I've written a lot of posts for the blog. I mostly find Medium a comfortable platform to post to, but am sometimes frustrated by its limited HTML. (And I know its lack of support for math has caused problems for others.) Further, using the WYSIWYG editor is mouse-intensive, so if I'm doing a lot of formatting or especially if I have a lot of links (like if I'm doing a topic round-up from the site), I instead write the post in HTML outside of Medium, drop it in my personal web space temporarily, and import it to Medium. That works pretty well -- there's usually a little bit of cleanup to do, but it's easy.
Embedding images is easy. Also somewhat necessary; Medium is very image-oriented in how it presents posts, whether on the blog front page or in a feed.

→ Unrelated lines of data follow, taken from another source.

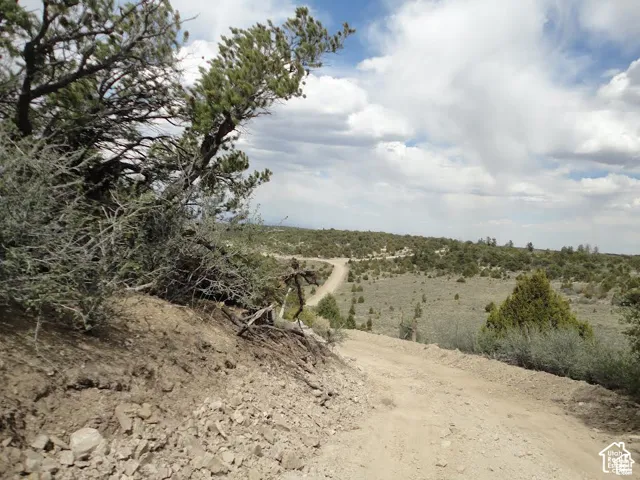 Expansive natural landscape with varied terrain and established trees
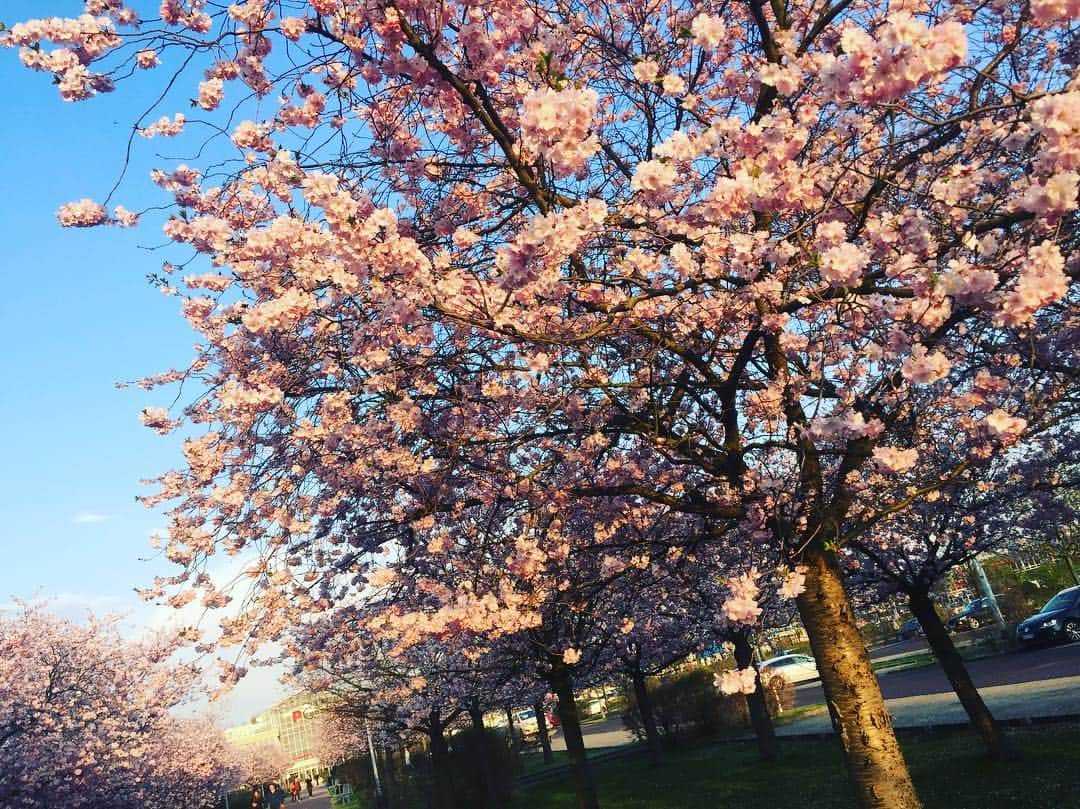 矢島倫太郎のインスタグラム：「ドイツにも桜がある🌸 #Kirschbaum#桜」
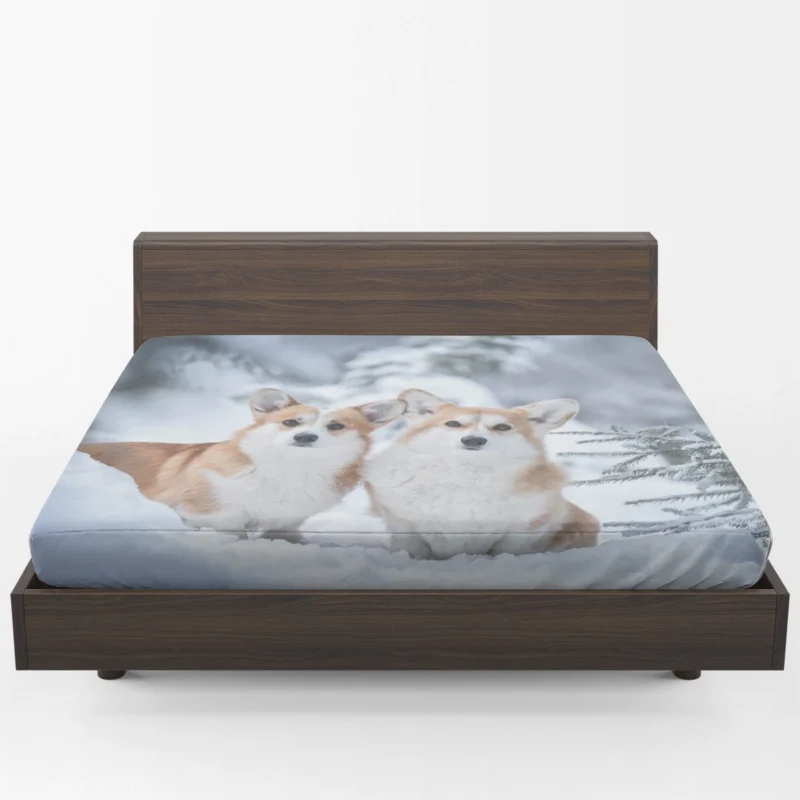 Snow Frolic: Corgi Quartet Fitted Sheet 1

So you've pretty much got to find some image to include, but that's probably good for us.
Posts on Medium can have tags (recently raised from three to five). Those tags are global to Medium; if you click on the "fiction" or "space" or "RPG" tag on one of our posts, you'll see fiction or space or RPG posts from all over the site. That's good in that it broadens our reach a tiny bit (and gives our readers other related stuff to read), but not so good if we wanted to cultivate a set of tags just for our blog. The scope for a tag (and its name) is all of Medium, not just Universe Factory.
I've made a few support requests at Medium. They've been reasonably responsive and they fixed my problems (sometimes on the second or third try).
Something I consider a key feature is that we can have many authors, who can submit work once or on a regular basis or anywhere in between, and a few editors (not just one) to manage the site. Distributed workload and distributed access are important for a community-run site.